United States Steel Corporation is scheduled to report its Q2 2010 results after the market closes on July 26, 2010. X should steadily benefit from three tailwinds through the remainder of 2010: 1) continued sequential improvement in underlying industry fundamentals, 2) higher realized prices as lagging indexed contracts "catch up" to spot prices, and 3) continued benefits from fixed-cost absorption and lower idled facility costs as Flat-rolled operations come back online to meet rising demand. Specifically, we believe management would not re-start Gary #14 and Lake Erie without a reasonable amount of visibility into a solid order book.
United States Steel manufactures and sells a variety of steel mill products, coke and taconite pellets. Primary steel operations are the Gary (Indiana) Works, the Fairfield (Alabama) Works near Birmingham, the Mon Valley Works ( which includes the Edgar Thomson steelmaking and Irvin finishing operations) on the Monongahela River near Pittsburgh, and U. S. Steel Kosice in the Slovak Republic.

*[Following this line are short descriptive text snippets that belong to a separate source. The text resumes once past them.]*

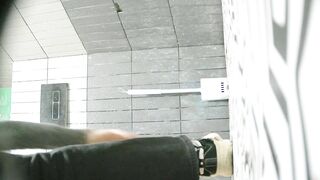 大神潜入学校餐厅女厕全景偷拍 几位漂亮学妹的各种小鲍鱼001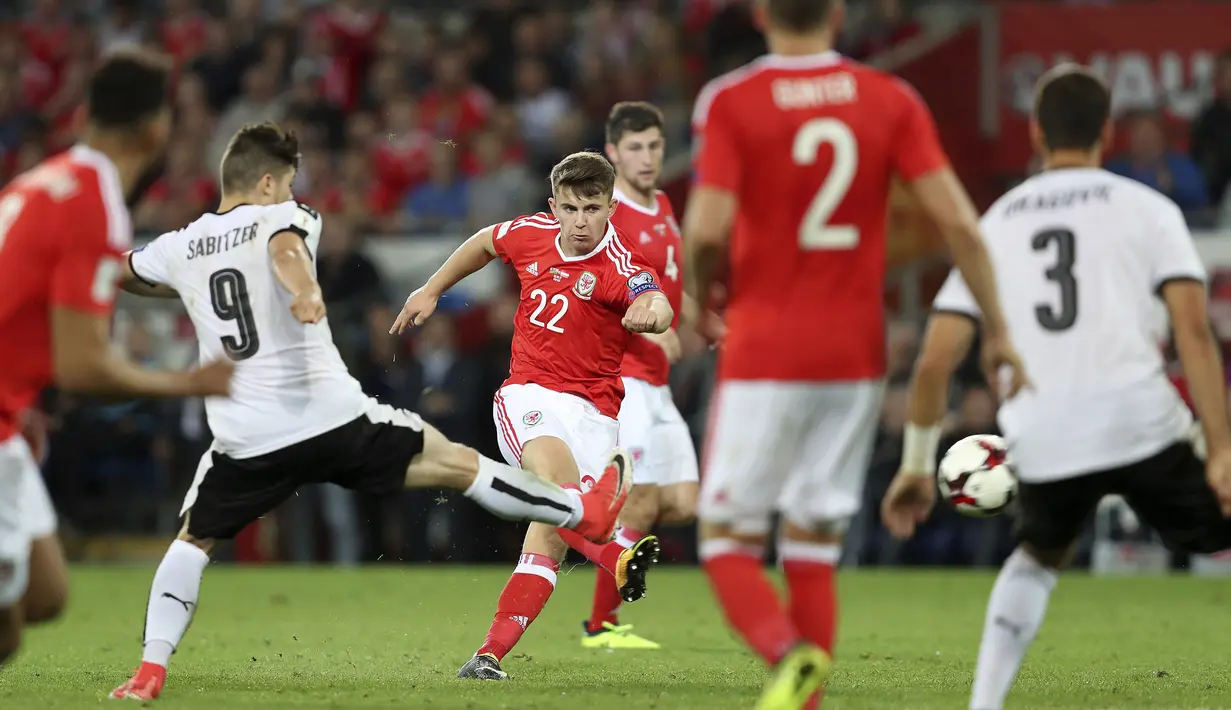 Aksi pemain Wales, Ben Woodburn mencetak gol melewati adangan pemain Austria pada laga Group D kualifikasi Piala Dunia 2018 di Cardiff City Stadium, Cardiff, (2/8/2017). Wales menang 1-0. (David Davies/PA via AP)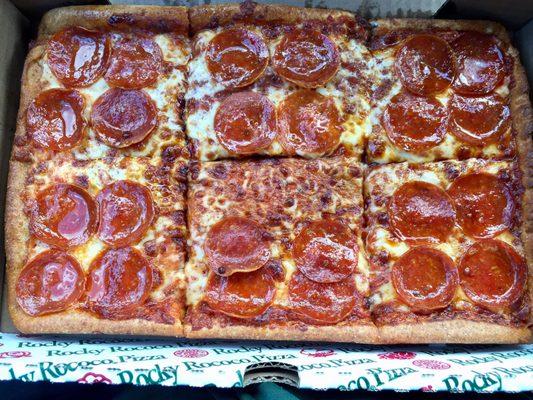 Pepperoni pizza w/ whole wheat crust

As for Q1 2010, X reported loss from operations of $57 million, a significant improvement from the Q4 of 2009, which posted a loss of $329 million, primarily driven by Flat-rolled segment performance. In the quarter, net loss amounted to $157 million, or $1.10 per diluted share, an improvement of $0.76 per diluted share as compared to Q4 of 2009. Net sales were $3.9 billion, an increase of 16% from Q4 of 2009 and the Company maintained a strong liquidity position with $1.4 billion of cash and $2.9 billion of total liquidity. Total shipments amounted to 5.4 million tons, an increase of 16% from Q4 of 2009
Analysts' estimates for Q2 2010 range from a low of $0.42 to a high of $0.75, compared to a consensus estimate of $0.60, with number of estimates being 9 and a coefficient variance of 18.26. Flat-rolled 2Q10 operations are expected to improve upon 1Q10 results and management projects another positive operating profit next quarter will maintain the segment's momentum. Sequentially, increased shipments should track healthy order rates, which in turn will help utilize the recently re-started Gary #14 furnace, representing about 15% of U.S. Steel's North American capacity. Management expects to restart Lake Erie Works by late 2Q10, an implicit confirmation of an improving demand outlook given management's discipline in matching production with market conditions. Margins will likely benefit as rising spot and contract prices (as well as lower energy costs) outweigh higher scrap, coke, and maintenance costs. 2Q10 results at USSE should top 1Q10 performance. Shipments are projected to remain relatively constant despite an outage at the #2 blast furnace in Serbia during the quarter. The company expects the Serbian blast furnace to reach full production before the end of 2Q10. In addition, higher euro-based prices should more than offset rising raw material costs. Tubular results should increase sequentially in 2Q10 on higher volumes and better pricing. Following 1Q10 volumes which beat expectations, shipments should be up again q/q (and increase throughout the year) as inventories work off from record highs and demand recovers along with a rising North American rig count. See Figure 1 below for further details. Average segment pricing should more than offset rising costs for steel substrate, boosting margins above the $185/ton operating profit realized in 1Q10.
The stock closed $44.79, up 1.13% on July 21, 2010, and most analysts' rate this stock as a relative Overweight with an average price target of $57.